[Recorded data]
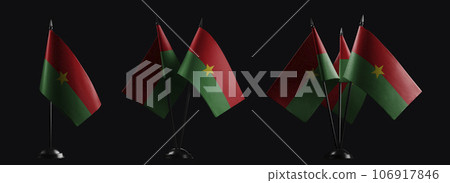 Small national flags of the Burkina Faso on a black background 106917846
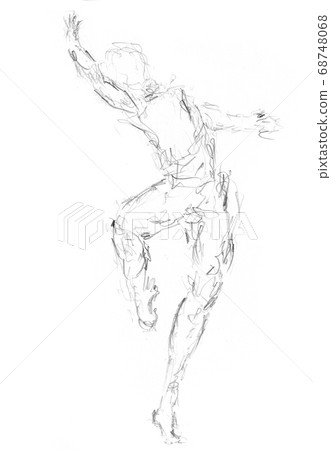 Ballet dancer. Sketch silhouette. tradional art illustration 68748068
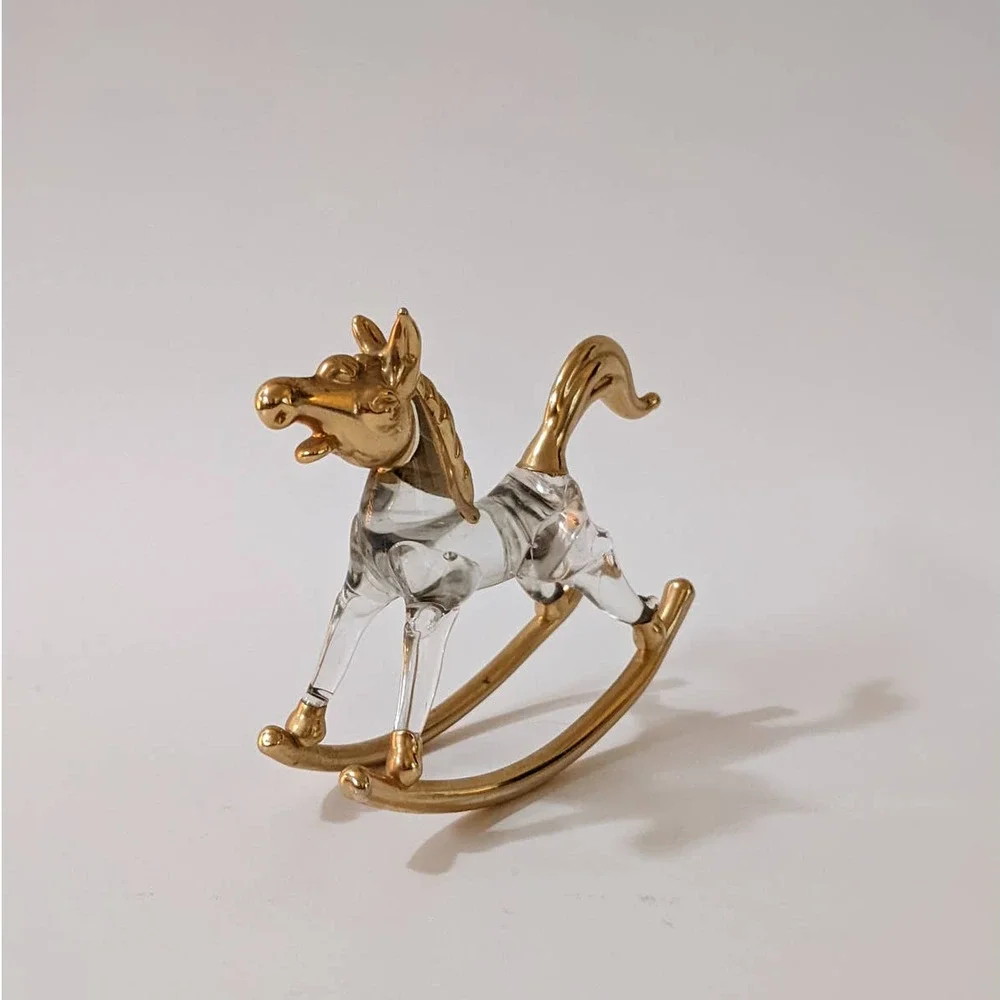 Vintage Crystal‎ & Gold Rocking Horse Small Figurine
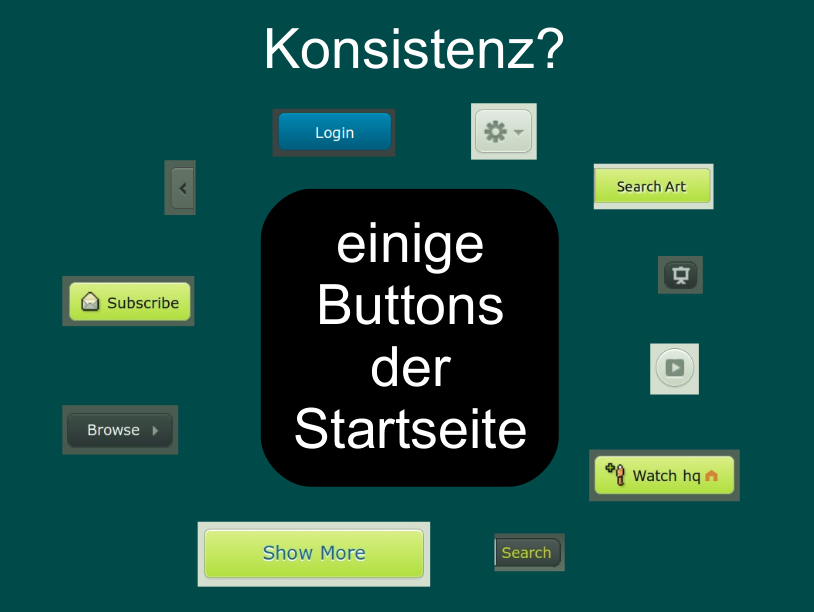 Screenshots von elf unterschiedlich gestalteten Buttons.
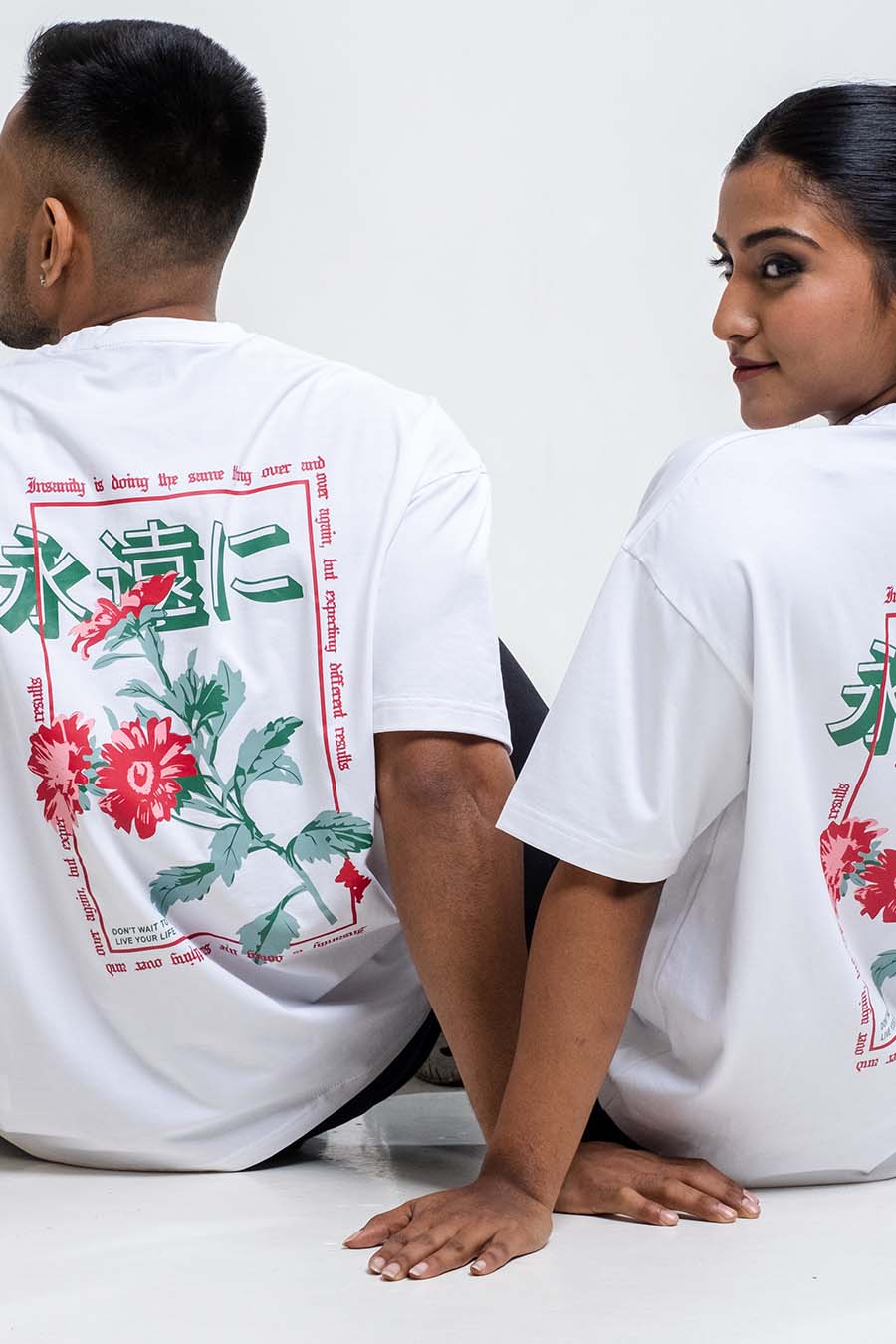Red Rose & love yourself back print, Solid Lycra Jersey Oversize T-shirt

EXERCISE DETAILS ▸ Reproduce only the lines from the beginning of the data through the line that contains "Screenshots von elf", both included, and please drop the pictures.

ANSWER SECTION ▸
 Small national flags of the Burkina Faso on a black background 106917846
 Ballet dancer. Sketch silhouette. tradional art illustration 68748068
 Vintage Crystal‎ & Gold Rocking Horse Small Figurine
 Screenshots von elf unterschiedlich gestalteten Buttons.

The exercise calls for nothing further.